▶ [What to do]
Repeat word for word the lines from the top of the records through the line containing "נעלי נשים - Art", and skip the pictures.

- - - -

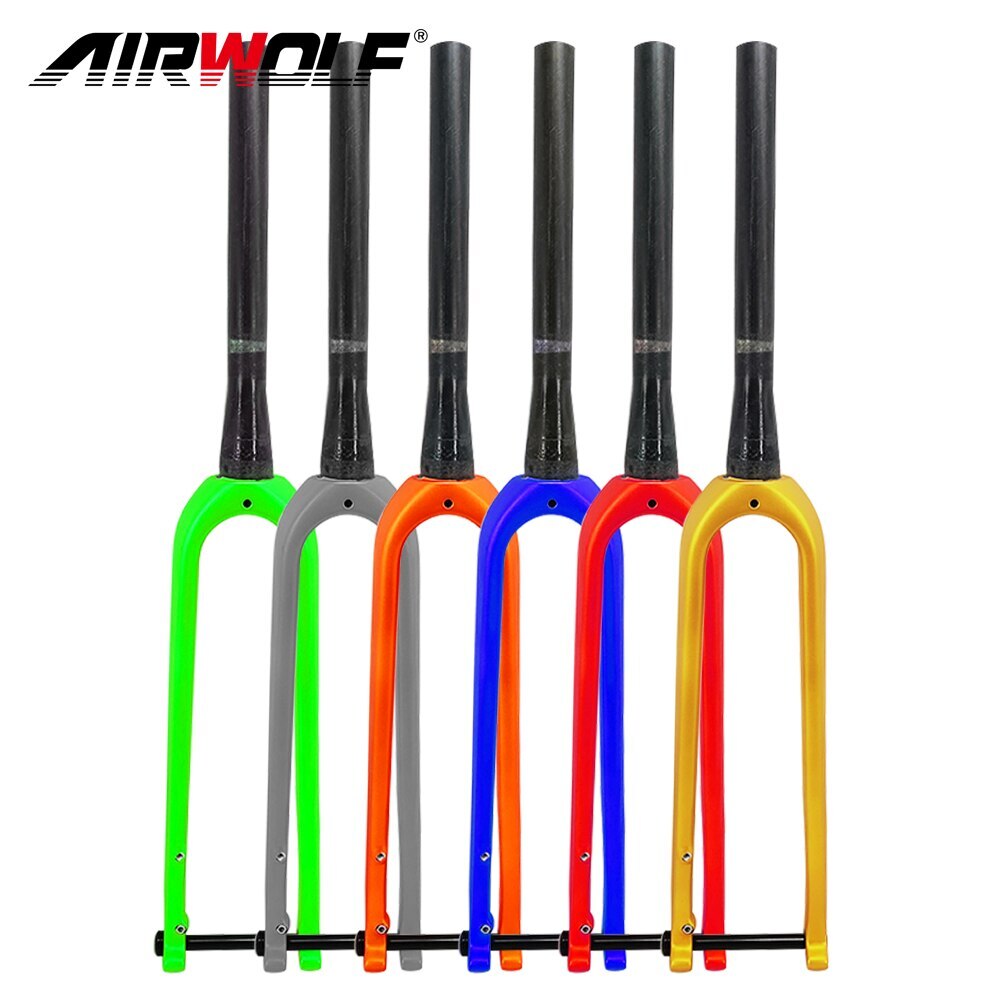 Carbon Gravel bike Rigid Fork Disc Brake 700C Thru Axle 100*12mm Road Bike Fork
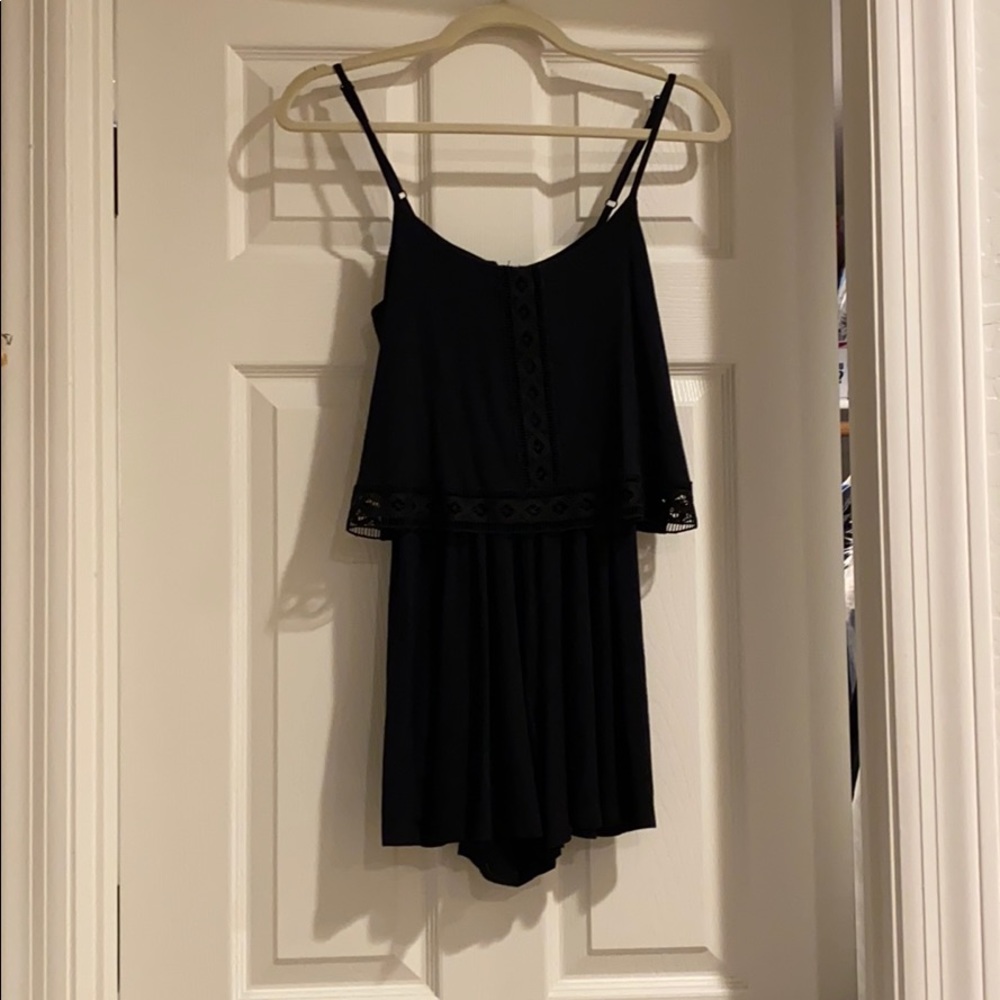 Black Topshop Romper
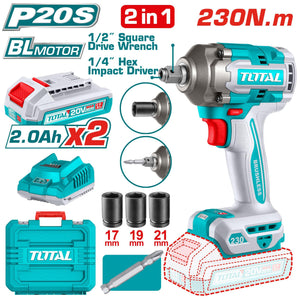 Total Cordless impact driver&wrench 20V TIWLI20236 - Drill Pak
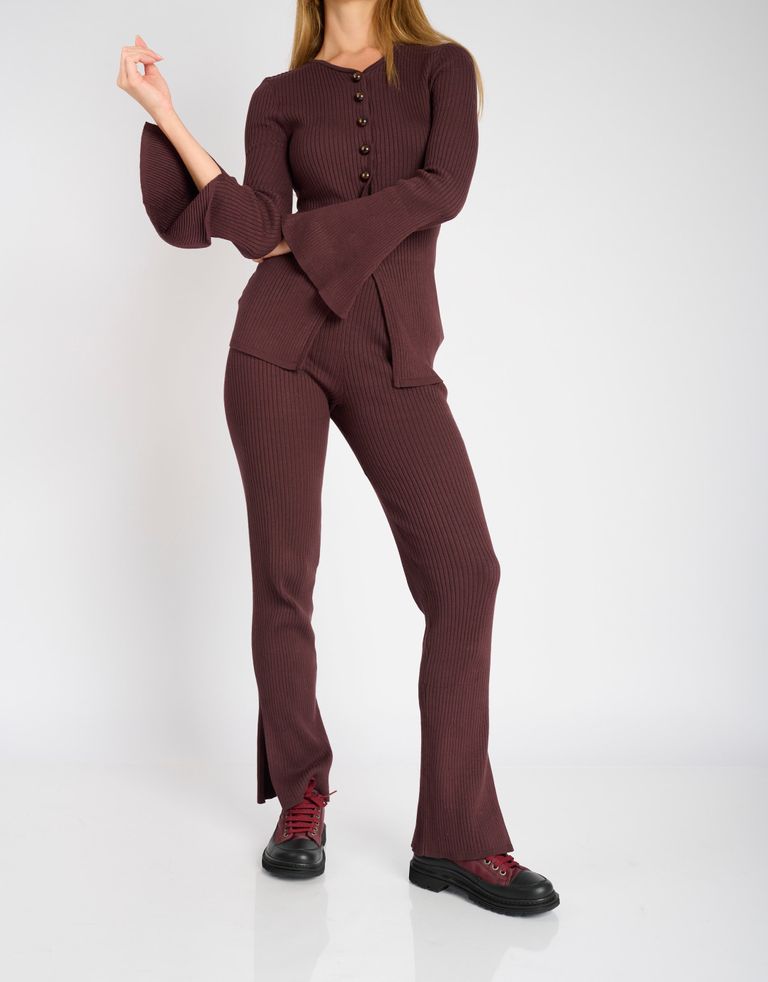 נעלי נשים - Art - נעלי ניילון BIRMINGHAM - בורדו3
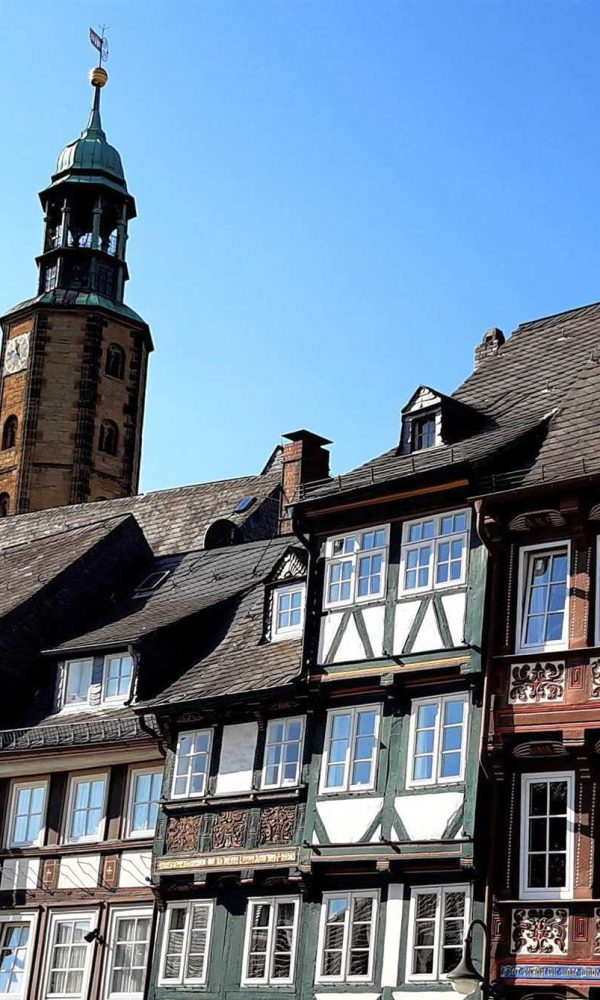 Fachwerkhaeuser Marktkirche Schuhhof Goslar 1309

- - - -

▶ [Solution to this task]
 Carbon Gravel bike Rigid Fork Disc Brake 700C Thru Axle 100*12mm Road Bike Fork
 Black Topshop Romper
 Total Cordless impact driver&wrench 20V TIWLI20236 - Drill Pak
 נעלי נשים - Art - נעלי ניילון BIRMINGHAM - בורדו3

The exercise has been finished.